With a derived table, although it has limited scope and disappears after the query has been completed, it affects readability of a query.
A better solution in this case is to make use of Common Table Expression (CTE).
CTE improves readability and makes a complex query more manageable. It is similar to a derived table in that its scope is also limited to a single query.
But unlike a derived table, it has the ability to run recursive queries by referencing itself multiple times within the same query.
SYNTAX:
WITH
CTE_Name[Column1, Column2 …]
AS
(
CTE_Definition
)
OuterQuery_Definition
You can divide the syntax into three parts:
WITH Clause
Definition of a CTE needs to be defined within a WITH clause. You can define multiple CTE’s within a single WITH clause.
It is important to note here that the query preceding the WITH clause needs to be terminated using a semicolon ”;”.
CTE Name and Definition
Name of the CTE is used to identify itself.

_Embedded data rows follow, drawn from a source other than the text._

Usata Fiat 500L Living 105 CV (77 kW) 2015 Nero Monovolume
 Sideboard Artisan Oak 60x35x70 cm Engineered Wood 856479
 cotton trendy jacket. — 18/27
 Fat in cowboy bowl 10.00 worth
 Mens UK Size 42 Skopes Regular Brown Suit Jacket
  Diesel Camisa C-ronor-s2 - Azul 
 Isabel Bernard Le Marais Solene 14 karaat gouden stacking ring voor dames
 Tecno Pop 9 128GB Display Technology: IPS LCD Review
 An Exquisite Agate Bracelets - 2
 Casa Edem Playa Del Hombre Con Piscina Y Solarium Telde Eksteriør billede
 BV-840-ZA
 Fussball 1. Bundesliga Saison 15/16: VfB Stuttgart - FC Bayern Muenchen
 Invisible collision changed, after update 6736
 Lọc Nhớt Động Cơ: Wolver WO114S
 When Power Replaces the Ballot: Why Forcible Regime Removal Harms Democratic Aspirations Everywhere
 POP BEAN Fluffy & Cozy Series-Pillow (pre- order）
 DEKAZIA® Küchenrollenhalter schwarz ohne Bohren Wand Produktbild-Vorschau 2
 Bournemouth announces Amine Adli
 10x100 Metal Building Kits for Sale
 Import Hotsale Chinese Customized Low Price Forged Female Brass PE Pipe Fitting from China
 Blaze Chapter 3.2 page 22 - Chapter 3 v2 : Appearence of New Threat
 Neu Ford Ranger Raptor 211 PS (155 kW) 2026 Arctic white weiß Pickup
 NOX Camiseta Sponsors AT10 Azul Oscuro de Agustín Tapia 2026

If there exists multiple CTE’s within a WITH clause, then each of them must have unique names.
CTE name is followed by optional column names. If column names are not specified, CTE will use the column names from the SELECT clause in the CTE definition.
CTE definition is simply one or more SELECT statements which populates the CTE.
Outer Query
This is the query which immediately follows the CTE definition. If there exists multiple CTE definition’s within a WITH clause, then Outer query will appear after defining all the CTE’s.
There are two types of CTE in SQL SERVER:
- Non recursive CTE
- Recursive CTE
Non Recursive CTE
Non recursive CTE’s are simply CTE’s which does not reference itself.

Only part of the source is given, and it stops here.